What one does in a situation such as this, is not just to throw out OGRE 1.10, but rather, to disable modules. And so I disabled the GL3+ rendering engine, as well as one ‘HLMS Sample’, and am now able to get many of the samples to run, including, importantly, the Terrain Samples.

 


 

Also, there remains an advantage to using Mesa Drivers, which was pointed out to me already on the Kanotix site. The Mesa Drivers allow hardware-acceleration of high-bandwidth, 2D video streams, via ‘vdpau’, while if I was to use ‘fglrx’, the decoding of MP4 Videos would be limited to CPU decoding, which is in itself lame, if we ever wanted to watch serious video streams. And since that laptop has a screen resolution of 1600×900, wanting to watch videos on it eventually, remains a very realistic prospect.

Dirk

 

(Edit : ) I suppose that one question which I should be asking myself, about why perhaps, the OGRE 1.10 GL3+ Rendering Engine does not work, would be whether this could be due to some incompatibility with the GL3.1 Desktop Compositing which I am already running on the same machine. There have been past cases, where OpenGL 2 from an application did not agree with OpenGL 2 Desktop Compositing, but those cases have generally been solved by the developers of the desktop managers.

On ‘Klystron’, I have rich desktop effects running, that use GL 3.1. So it does not seem obvious, that the Mesa Drivers as such, have problems implementing GL 3.

Also, there is a follow-up thought, as to why maybe, Cg was not working before. Whether or not our graphics cards support Cg, it is a necessary component of OGRE, to build their Cg Program Manager. Under Windows 8.1, I was always unsure of how to provide the OGRE Dependencies when building OGRE. But among those dependencies I always linked in a file named ‘Cg.dll‘, the origin of which was unknown to me.

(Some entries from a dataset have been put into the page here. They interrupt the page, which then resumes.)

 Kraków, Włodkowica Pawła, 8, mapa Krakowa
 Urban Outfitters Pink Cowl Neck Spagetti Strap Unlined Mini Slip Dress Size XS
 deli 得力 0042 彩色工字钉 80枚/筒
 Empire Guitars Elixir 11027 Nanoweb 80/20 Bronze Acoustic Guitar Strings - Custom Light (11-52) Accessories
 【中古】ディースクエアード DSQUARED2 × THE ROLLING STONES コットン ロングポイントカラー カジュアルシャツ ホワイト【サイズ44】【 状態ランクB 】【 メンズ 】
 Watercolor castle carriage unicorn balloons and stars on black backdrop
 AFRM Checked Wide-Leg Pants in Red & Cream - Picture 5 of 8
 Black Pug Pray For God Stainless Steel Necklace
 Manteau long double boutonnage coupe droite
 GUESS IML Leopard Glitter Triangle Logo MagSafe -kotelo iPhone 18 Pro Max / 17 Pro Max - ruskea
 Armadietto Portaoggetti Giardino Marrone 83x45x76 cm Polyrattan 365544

It is exactly the sort of goofy mistake I would make, perhaps to have taken this DLL File from the install folders of Cg on ‘Maverick’, but for some reason simply to have taken a 64-bit DLL, into my 32-bit OGRE build, or to have taken a DLL from somewhere, which may not have been compatible for some other reason.

At least when we install dependencies under Linux from the package manager, such issues as linkage of code and location of folders, are also taken care of by the package manager. So I am sure that the Cg Program Manager belonging to OGRE, recognized the nVidia Cg packages when compiling now. It is just a bit odd that those were native Cg libraries with header files, while my graphics drivers remain the Mesa Drivers.